August 02, 2023 13:05

I’ve never been particularly keen on Jewish gatekeeping. I have no problem with Helen Mirren playing Golda Meir, nor Cillian Murphy becoming the destroyer of worlds Robert Oppenheimer. I think Orthodox Jewish conversion rules are probably a bit too strict and we should let more people join the tribe without having to spend two centuries bent over the Talmud in some forgotten yeshivah. I believe everyone should be free to enjoy the solemn moanings of Leonard Cohen, study kabbalah (as long as they are over 45) and get off on the literary pyrotechnics of Philip Roth.

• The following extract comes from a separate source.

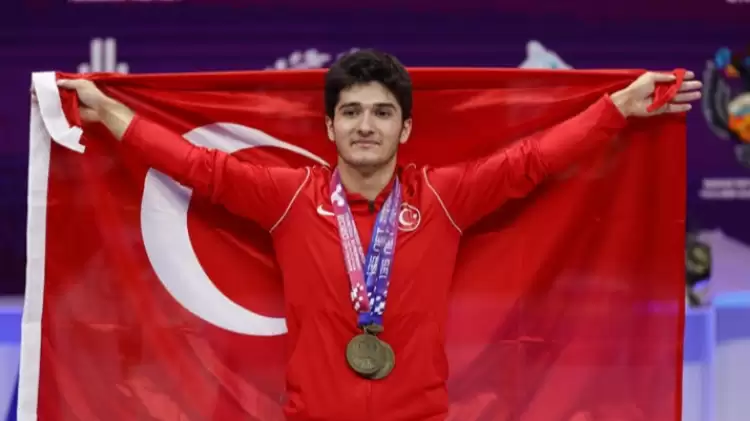 Muhammed Furkan Özbek'ten büyük başarı! Şampiyonluk ve olimpiyat kotası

And these rules should apply to other cultures too, so I in turn should be allowed to blast Jamaican dancehall (a weakness of mine) and mispronounce various Sichuan food delicacies (another susceptibility). Share and share alike.

But there is a line, of course. All cultures must have a line. Every man must have a code. And outside Waterloo station, the line has been crossed. “New York Bakery Company” blares the billboard, trumpeting the “Authentic New York Style Bagel”. Sorry, but absolutely not.

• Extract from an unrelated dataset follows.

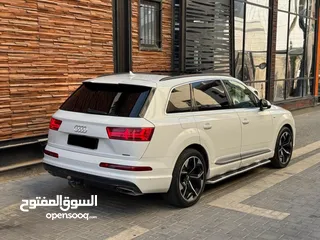  3 Audi Q7 Sline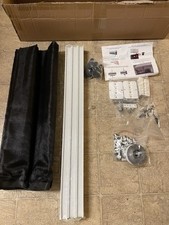 SLIDING PRIVACY SCREEN for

Have you ever tried one of these abominations? They sell them in all the major supermarkets, at least the ones where Jews don’t often shop: Tesco, Asda, somewhere called Morrison’s which is apparently also a thing. They call themselves bagels, in the same way that I occasionally call myself a writer, when really I’m a newspaper hack. But they are not bagels. They are a bland, claggy, soggy disgrace, barely even worthy of the label bread roll. Someone should report this mob to the Advertising Standards Authority.

This, ladies and gentlemen, is the real cultural appropriation taking place in our society today. Forget Jewface. Forget those funny Christians who do Passover seders because they secretly wish they were Jewish. Forget even the Black Eyed Peas randomly shouting “mazel tov” in the middle of I’ve Got A Feeling. These people are taking the bagel, precious symbol of our culinary heritage, embodiment of Jewish resilience, cement of the diaspora, circlet of eternal semitic sustenance, the rock upon which Golders Green High Road is built, the crown of Carmelli’s, the disc of Daniel’s, scourge of digestive systems from Pinner to Prestwich, and they are murdering it.

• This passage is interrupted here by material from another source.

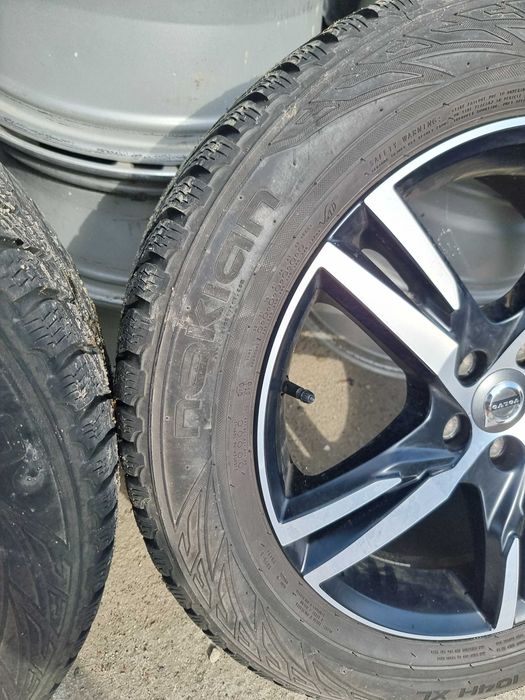 Doua anvelope Nokian Tyres WR Suv3 235 55 R18 Dot0518 ci339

https://www.instagram.com/p/CuyvZzeI_gl/?hl=en

And they are doing so in our name. Everyone knows what they mean when they say “New York bagels”. They mean Jewish bagels. They’re besmirching the reputation of one the few bona fide Ashkenazi culinary achievements. Because let’s be honest, we Ashkenazim get pretty mixed reviews for our food, the gefilte fish — sadly maligned — and cholent — tragically niche — but the bagel is universally adored, an icon of Jewish supremacy. We should trademark it. They shouldn’t be allowed to even call these things bagels, the same way Sunny Delight doesn’t call its chemical syrup orange juice. Instead, Sunny D used to have to call itself “orange-flavoured citrus punch”.

To my mind, these faux-bagels should have to call themselves “bagel-shaped bread buns”, to avoid being confused with the real thing.

“Our Bagels are the real deal,” the New York Bakery Company’s advertising guff insists. “Boiled then stone baked to bring you a true taste of NYC.” Stone baked my kishkes. As a former resident of Jewtropolis, let me tell you for free if you tried to serve one of these porous baps to a real New Yorker you’d be laughed out of Russ & Daughters before you had the chance to say “lox and schmear”. They’re about as New York as the Grand Canyon.

It’s true that the typical “New York” bagel is larger and fluffier and chubbier than its sibling, the Montreal-style bagel. And certainly less chewy on the inside than your classic London bagel (don’t say beigel, it’s not 1970). But they are still recognisably a bagel, not a round piece of bread with a hole in it. They have the compactness, the density that somehow packs 2,000 years of pained exilic history into every bite. You know it when you eat it.

I don’t want to just single out this one company. Warburton’s approximation of a bagel is even worse, basically a hate crime. And I dare you to try putting cream cheese and smoked salmon on Sainsbury’s own brand “bagel”; it’s like drinking Château Lafite from a mug.

Perhaps, you might argue, I should be welcoming the mass adoption of Jewish foodstuffs. Perhaps this a sign of our successful assimilation into Western society and blah blah blah. No. Absolutely not. This is where we draw the line. Right here. Bagels or bust. Our very civilisation depends on it.